Sleep problems… the major reason behind my issues.

I haven’t slept again the whole night. I only slept for 3 hours at the most during the day for the last two days. The reasons are simple but quite hard to fix.

The sleep issues aren’t coronavirus related; I have always had problems getting to sleep. I constantly worry about being picked up by the police for things related to my autism. I can never relax. That is exhausting when I’m constantly on edge. I need to be able to relax but other people can’t be trusted. This is not a feeling but my actual experiences, as readers will know all about.

The only way I can sleep in this state is with sleeping tablets. The GP will no longer prescribe them.

I have barely slept in years. I’m getting so tired that my head actually hurts and I get sore eyes. I can’t function without more sleep and I never catch up due to already having a backlog of sleep deprivation. I need reassurance that no one will legally come after me. There is no way of getting that guarantee. I cannot do this any longer because the sleep deprivation is starting to affect me quite badly.

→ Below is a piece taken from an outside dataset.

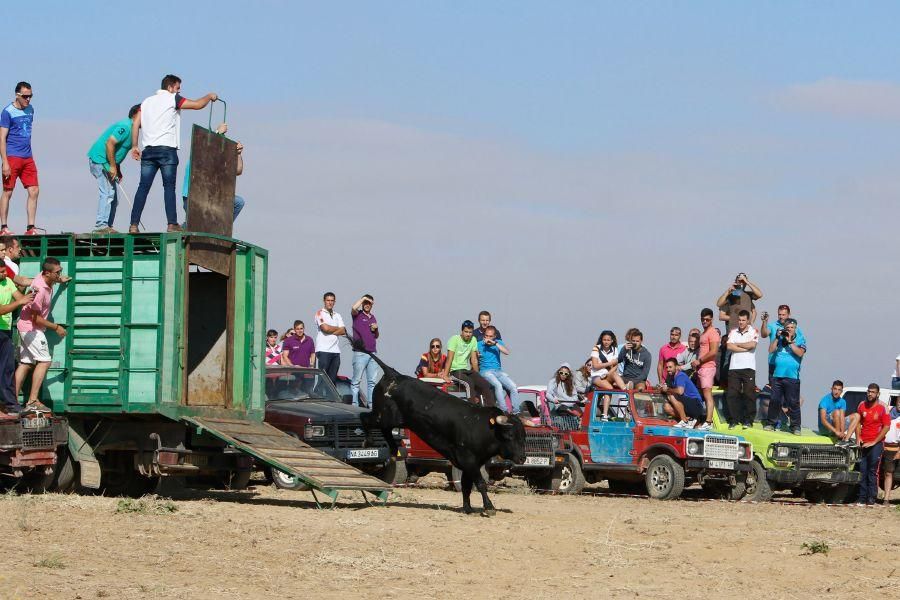 Villalpando despide los toros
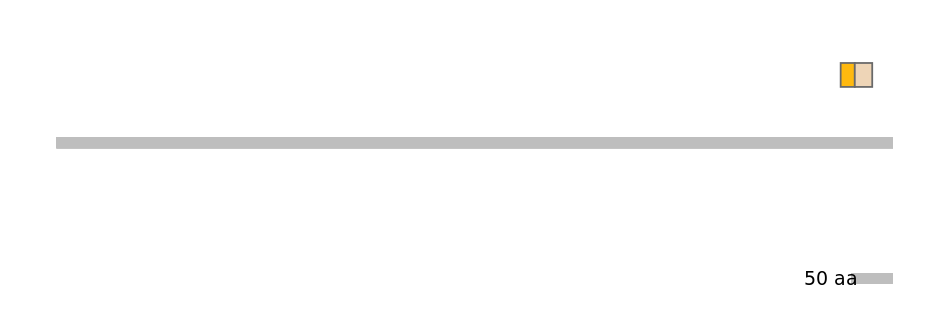 BtaINT0090385-EXC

I even get forgetful. I get that exhausted I end up in tears. There’s no point ever saying this to anyone because they can’t help; noone can reassure me when it comes to the potential actions of others. I’m always on edge, unable to ever relax. I burnt out mentally ages ago. Physically it’s getting harder not to burn out. I feel like I’m on my last part of physical endurance because sleep deprivation has drained all my stored energy and caused my health to spiral downhill. I am practically held together by a thread. That’s how it has started to feel over recent years.

There is no way of getting reassurance that others won’t report me for my autism traits.  As a result, relaxing is impossible, therefore no chance of getting proper sleep. I have valid reasons to worry: others cannot be trusted to do anything right, or rather not do things wrong to make another persons life worse.

I simply cannot settle unless there was a way that stops me having to live my life in fear. This is no way to live. I wish that I could make myself sleep but I can’t when I’m having to live my life constantly fearing for my freedom.

Today has been long despite getting up late.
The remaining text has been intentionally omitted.